I Hope That My Schwinn Brothers Can Hear This.
My Name is Dark Maroony and I Have Been Abducted By Aliens --Twice.

By Ray Spangler and Al Blum

           During my first abduction, I was trapped in a bright room where a brutish Evil Doer removed my Whizzer motor kit. Then I was left for dead for fifty years in Ohio. Sometimes, I was passed around like an Eskimo's wife. * I lived on the memory of how l rolled at the speed of a tornado and barked down hills.
            Just a few days ago, I was ruthlessly dismembered and forced into solitary confinement within two cardboard rectangles. I passed out and then tried to sleep until I saw daylight. The IQ level must be low in Illinois. My message of distress went unread.  I was then probed and washed by two wrinkled and calloused older aliens. Then I got my fenders massaged with a Joe Cargola roller. The two, timeworn Boomers probed and tickled every one of my nooks and crannies. I was helpless and unable to ward off their improper advances. After my wheels were bolted back on, I tried to make a break for it but the virile, hyper-masculine, alien (wearing the black hat) held onto me with his powerful, muscular grip. The other one worked feverously and hung a Whizzer kit all over me, hiding some of my scars. It must have been well hung because I sparked to life. I can’t tell if the_y used_ my old engine kit because its number is down by my family jewelry.
              I soon smelled like the two aliens who whooped with joy when my power plant rumbled to life. These two creatures seem rather dim because they kept forgetting what they went downstairs to get, but I soon scooted around the hard, black circle as fast as I did in my youth.
Now I stand in a line of recently-painted Schwinn Stallions. I am slowly getting an inferiority complex but I know that I am loved as a rare and lucky survivor. One of the oldest Schwinns whispered to me, “When the Illinois Boys get you--you stay got”, so I have settled in for a long winter’s nap, with ripe sugar plums putting out smoke rings around in my head tube. My high-born destiny has been secured.

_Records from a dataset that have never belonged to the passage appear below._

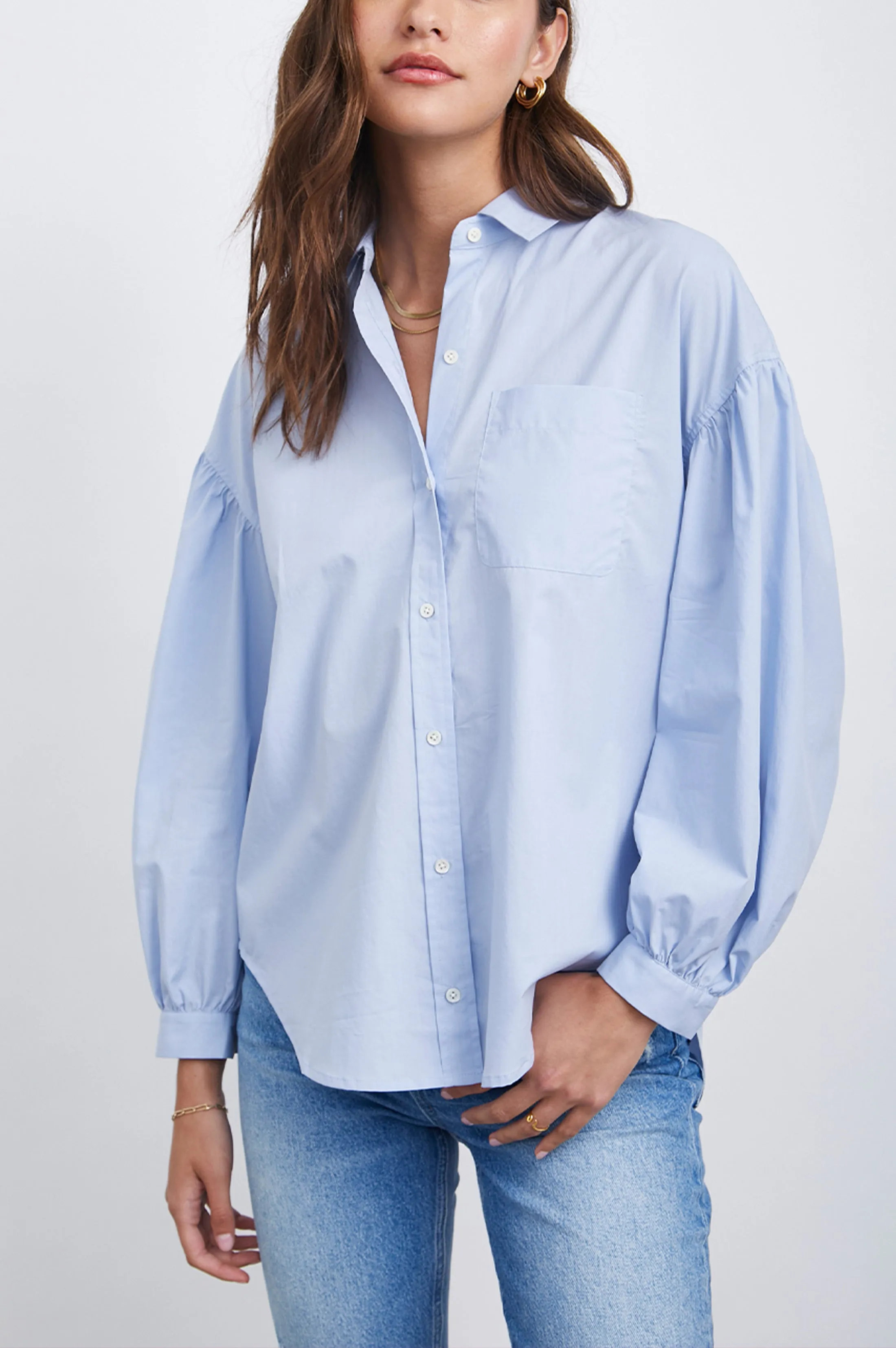 JANAE SHIRT - BLUE JAY sold by Rails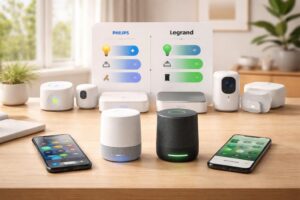découvrez notre comparatif complet entre philips et legrand, les meilleures solutions domotiques compatibles apple homekit en 2026, pour faire le meilleur choix connecté.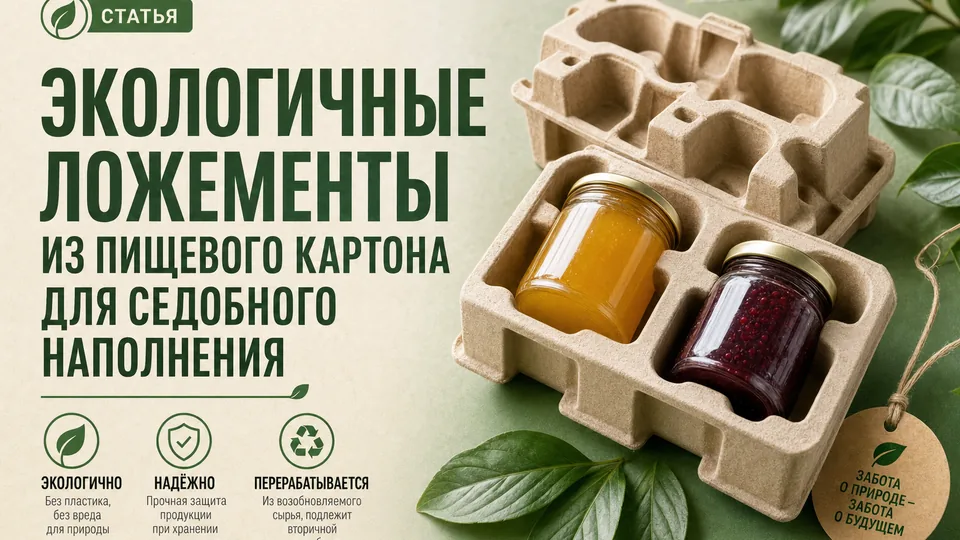 Экологичные ложементы из пищевого картона для съедобного наполнения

            Thanks be to the ”Alien” Classic American Bike Exchanger (CABE), who is known as John Gailey. He hovers around Pittsburg. Dark Maroony was so tightly packed that the clever little fellow couldn’t escape.

            Please note: This WZ model frame was sold as just a complete bike and never had a Whizzer on it, but I never let facts stand in the way of a mediocre story.

* When Commodore Perry was making arrangements for his dash for the pole, He learned of the local saying, “If you lend out your sled it may come back broken but if you lend out your wife, she always comes back happy.” Perry didn’t want to offend the custom of bed warming or the plump Women Of The North, despite the fact that their hygiene standards and the number of fleas per person were not what he was used to. When Mrs. Perry arrived for the “reached-the-pole” ceremony, the generous husbands hung around her with thoughts of reciprocation, but the proper Victorian lady quickly became enlightened and then appalled, so there may have been some awkward private conversations, but important history was made and no sleds had been broken.

Re-printed from the National Whizzer Newsletter


----------



## bricycle (Jan 29, 2020)

Just what you needed...


----------



## SteveF (Jan 29, 2020)

Great story! The aliens did well.


----------



## John Gailey (Jan 30, 2020)

Spectacular!


----------